Dame Ruth Muldoon Silver (born January 1945, North Lanarkshire) is a British academic administrator and promoter of education policy. She was Principal of Lewisham College for 17 years until 2009, and was chair of the Working Men's College governing board from 2002-05. In 2010, she became the chair of the Learning and Skills Improvement Service (LSIS), a public body for Further Education and skills development. Most recently she was
president of the Further Education Trust for Leadership (FETL).

==Early life==
Siver was born in January 1945; her mother a midwife, her father an engineer. She studied psychology and literature at Glasgow and the Southampton universities, through a National Union of Mineworkers' scholarship.

==Career==

Silver served as an adviser to the Select Committee in the House of Commons and a member of the Skills Commission. She sat on the Edge Foundation (ADHD), which aims to raise the status of vocational learning; the Horse's Mouth, an online peer-mentoring enterprise; and the Trinity Laban Conservatoire.

Silver was appointed Chief Assessor for the Centre of Excellence in Leadership's Principals Qualifying Programme. Her employment has included child guidance, teaching and inspection, and in-service at the Department for Education and Skills, developing national education policy on personal development in young people. In 2010, she was appointed to chair the National Taskforce on the Future of the Careers Profession.

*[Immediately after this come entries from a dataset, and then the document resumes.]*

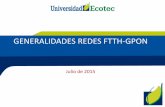 GENERALIDADES REDES FTTH-GPON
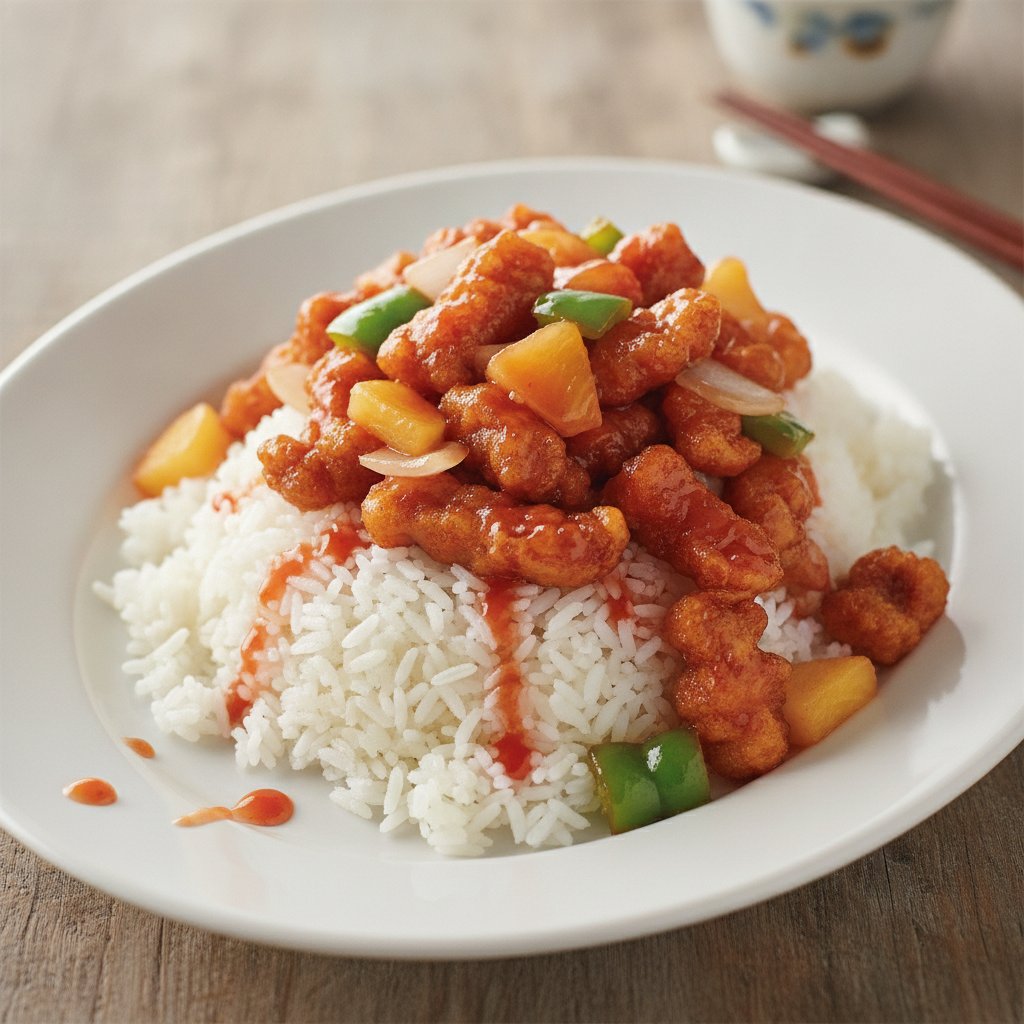 Sweet and Sour Pork Rice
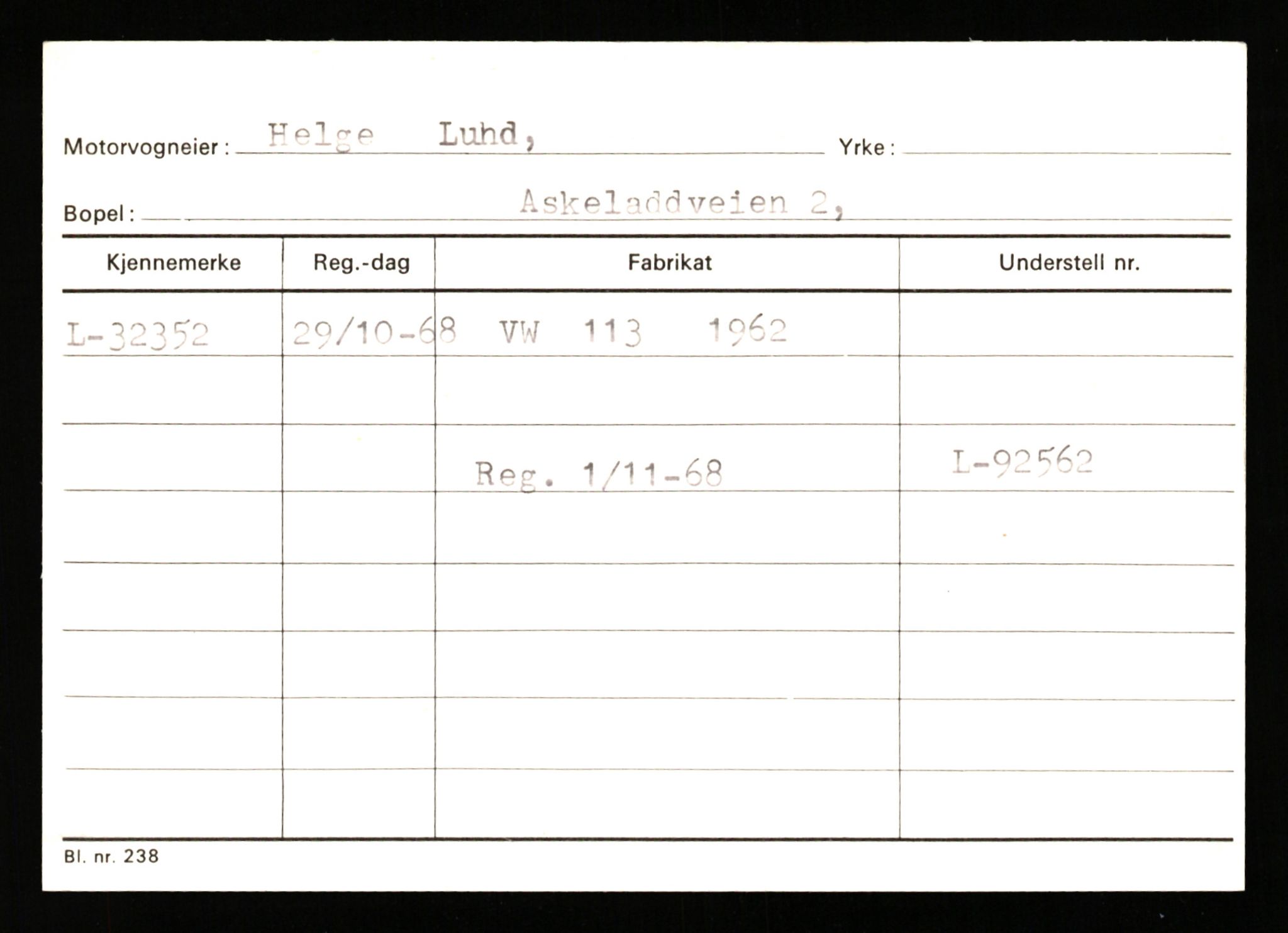 Stavanger trafikkstasjon, AV/SAST-A-101942/0/G/L0005: Registreringsnummer: 23000 - 34245, 1930-1971, p. 2906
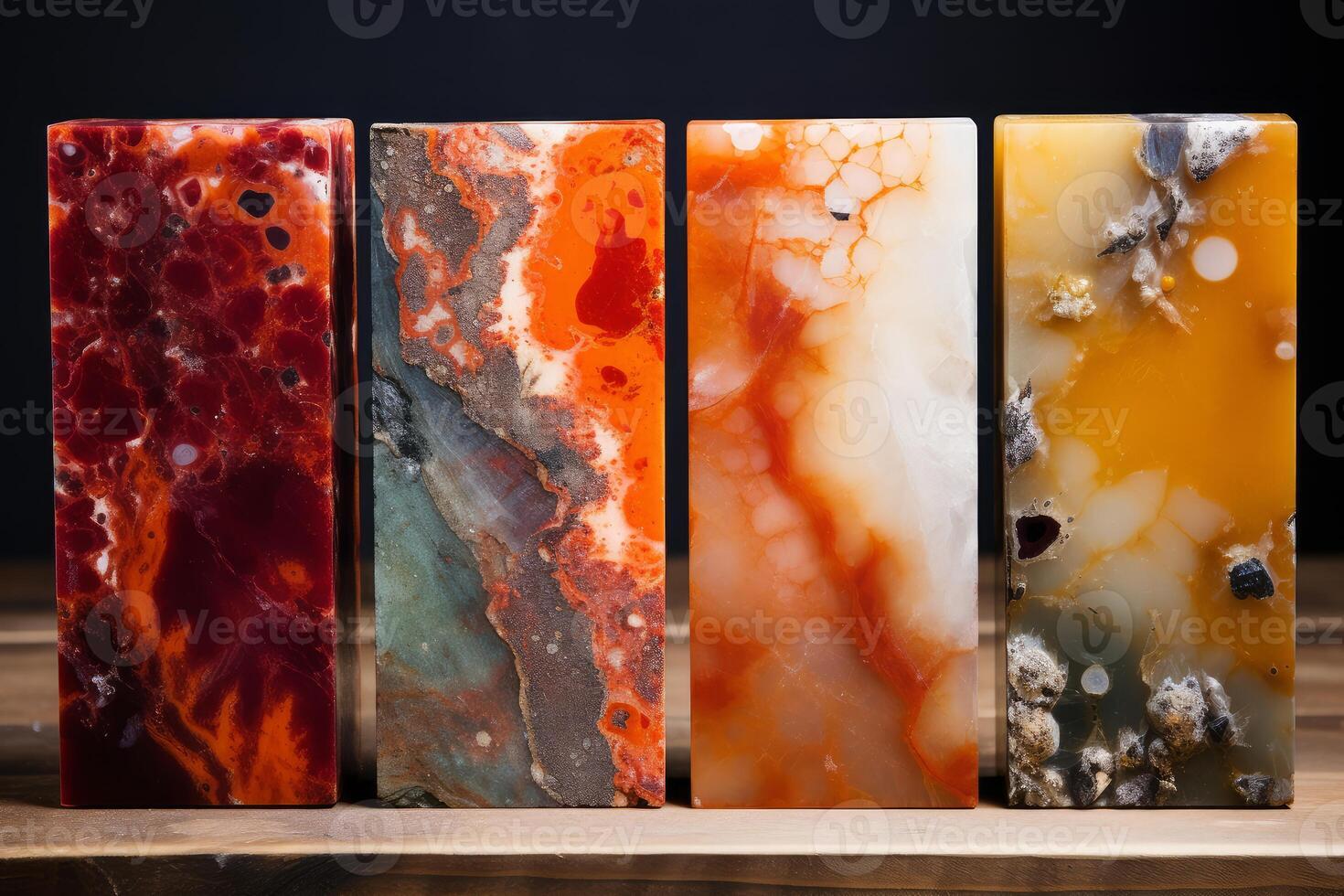 AI generated Polished Natural marble gemstone slabs. Generate Ai photo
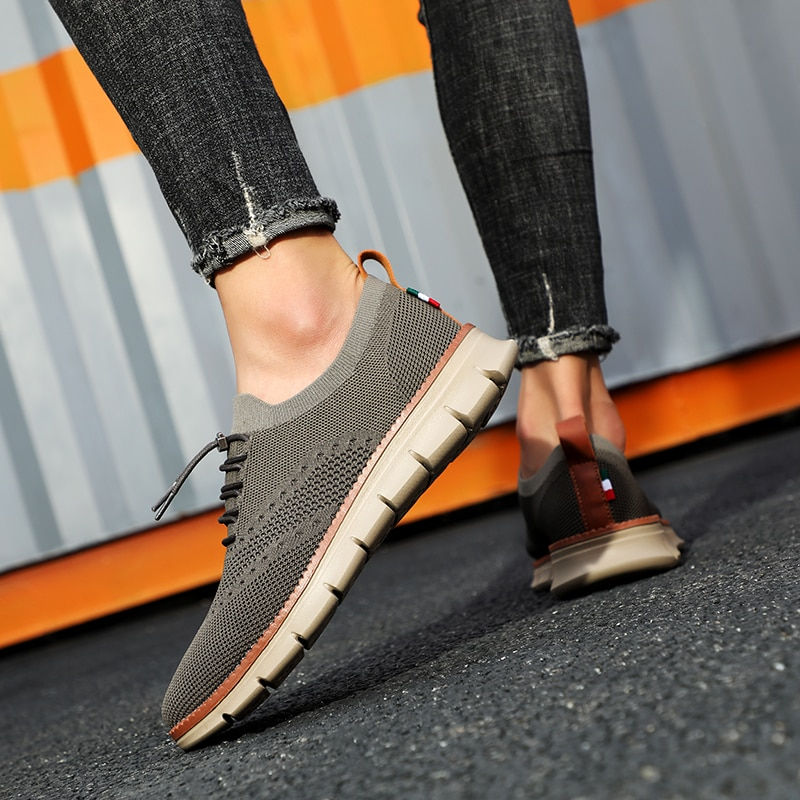Thumbnail: New Stylish Mens Casual Shoes Spring Flyknit Sneakers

Silver was a founding trustee of the Edge Foundation, which aims to raising the status of vocational learning, and was the first chief assessor for the Qualifying Programme for Principals. She was a visiting professor on educational developments at London South Bank University.

She was a member of Prime Minister Gordon Brown's UK Women and Work Commission. In 2014, she worked with Glasgow's colleges in the post-merger realignment of their curricula. In 2015-16, she chaired the Scottish Government's Commission on Widening Access to Universities.

==Honours==
In 2006, she was made a Dame Commander of the Order of the British Empire in recognition for her services to Further Education, having previously been appointed CBE in the 1998 New Year Honours.